Wednesday, April 25, 2007

Myths About CAPTCHA's

For those that don't know what a CAPTCHA is, it's something that typically a human can answer but automated software can't figure out. An example of this is on the comments page of this blog which has a box with the squiggly letters you have to type in before you can submit a comment.

Some people are declaring that it's the end of the CAPTCHA era either with human powered sites that trick visitors into providing the answer to the CAPTCHA, or automated image recognition software that just needs time and a little computing horsepower to decode the text in the image.

Myth #1 - CAPTCHA's aren't accessible to the visually impaired.

Accessibility issues are a legitimate complaint for some sites that don't implement a robust accessible CAPTCHA solution. For instance, the visually impaired can use the alternative audio CAPTCHA used on this very blog that solves this simple problem. Other types of CAPTCHAs that are math or word problems which are easier to read are also accessible.
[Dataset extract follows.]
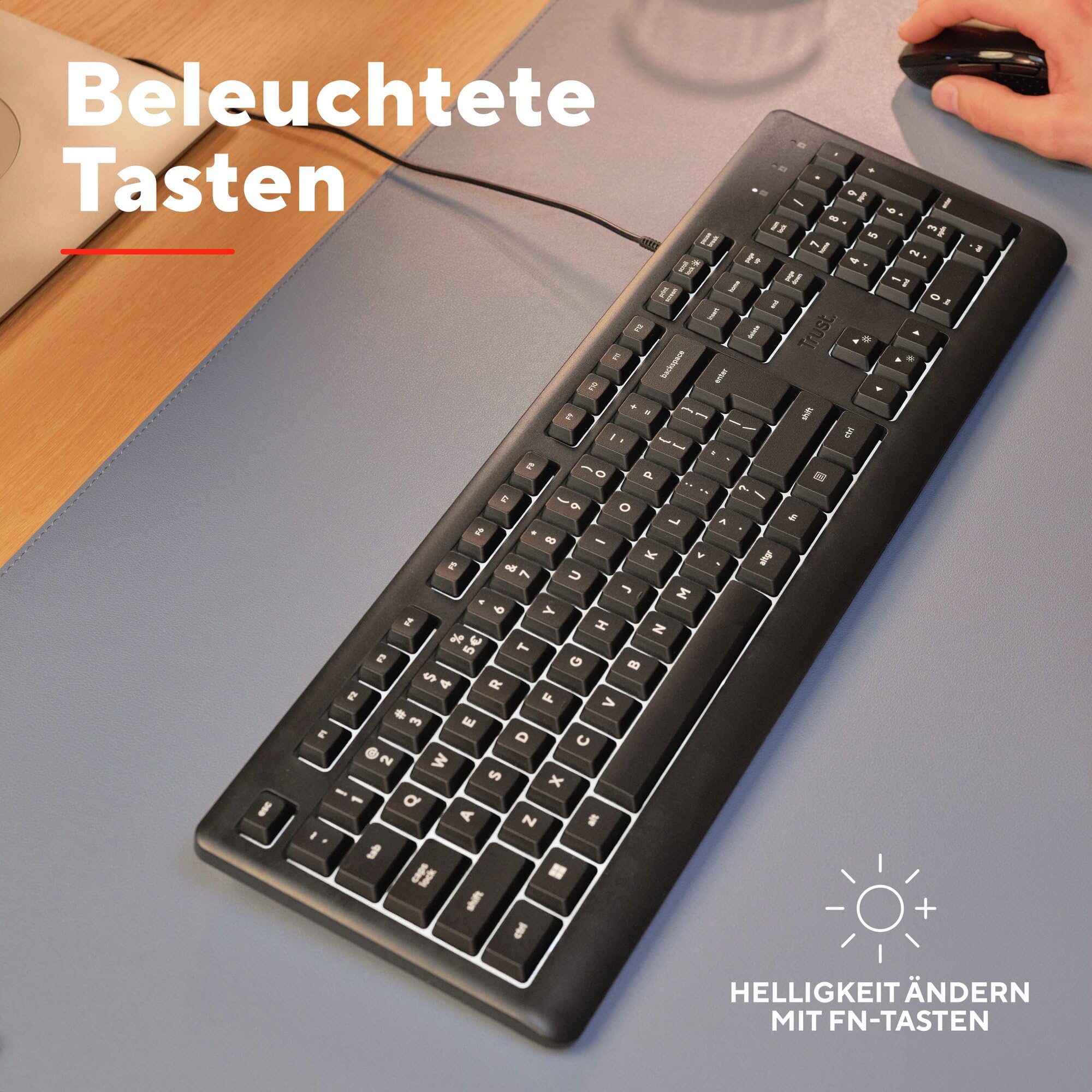 Trust Primo Beleuchtete PC Tastatur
Myth #2 - All CAPTCHA's are those squiggly text things seen on blogs.

Most of the comments about CAPTCHA's are based on the one type of CAPTCHA that uses extremely bent and distorted text called Gimpy. However, Gimpy is just scratching the surface when it comes to CAPTCHAs as they come in many forms.

Some of the other CAPTCHAs variants include identifying what's contained in a picture, simple math questions like "1 + 4 = ?", a text question like "What color is the sky?", or typing in the letters or numbers played via audio.

If you don't think people can spell "BLUE" or answer the math question properly you can always give them a nice drop list of possible answers and only give one chance to answer per question to stop bots from hacking at the answer.

Myth #3 - Bots can easily "BLOW THROUGH" CAPTCHAs.

When humans are being used to provide CAPTCHA answers that can be the case, but only when you implement sloppy CAPTCHA code in the first place. You can use a series of security measures to make sure there's a human sitting at the keyboard and it's not being passed through by a bot.

  1. Require Javascript to validate the CAPTCHA since the majority of bots don't run Javascript in the first place.
  2. Obfuscate your CAPTCHA in randomized encoded Javascript so that it's difficult, if not impossible, for a bot to even detect the presence of a CAPTCHA on the page in the first place.
  3. Use Javascript input sensory techniques such as MT Keystrokes to detect whether a human has actually typed into the field on the web page.
  4. Randomize the type of CAPTCHA being used so that there isn't a single specific type of CAPTCHA to target with an automated tool.
Summary

The real vulnerability of most forums, blogs and wikis face isn't even the risk of CAPTCHA failure, it's the identical footprint of all the Open Source software which makes locating the comments pages so easy.

Changing the name of the anchor text and page name on a blog from "comments" and "comments.php" to "Post an Opinion" and "youropinion.php" is another form of CAPTCHA because the human will immediately know where to click but the bot might get confused.

Better yet, since most bots don't read javascript, simply obfuscate the actual HTML of your "Leave a Comment" section in Javascript. When bots can't even find the link to "leave a comment" or the form fields where you enter a comment in HTML it may eliminate the need for the more complex text bending CAPTCHA's in the first place. Sure, the spammers could code the bot to decode a single instance of obfuscated Javascript for a single blog, but the code itself could be randomly obfuscated so that it would be quite a difficult task.

Don't let the naysayers dissuade you from increasing the strength of your spam blocking as stronger CAPTCHA's combined with Javascript tricks appear to be bulletproof until the bots get a lot more complex and smarter.

P.S. Note that the guy claiming CAPTCHA's are dead doesn't have one on his blog and if you scroll down past the actual comments you'll see he has a shitload of porn spam at the bottom. Obviously someone knee deep in spam is NOT the person you should be listening to about whether or not to use a CAPTCHA.

2 comments:

WebGeek said...

Great post, Bill. As usual, you're dead-on. I completely agree...there's a ton of techniques to couple with CAPTCHA that most developers are not even using. On that note, one of the dumbest CAPTCHA implementation blunders I've seen is when they name the file the same thing as the letters in the image. If I were programming a bot I'd set it check that first. Brilliant. I've actually had some really good success with some other methods that don't even require CAPTCHA on forms.

Catmoves said...

I've been wondering about putting a Captcha on my blog? I'm not getting spam in my comments section, but I'm getting tons in my gmail address. Any advice?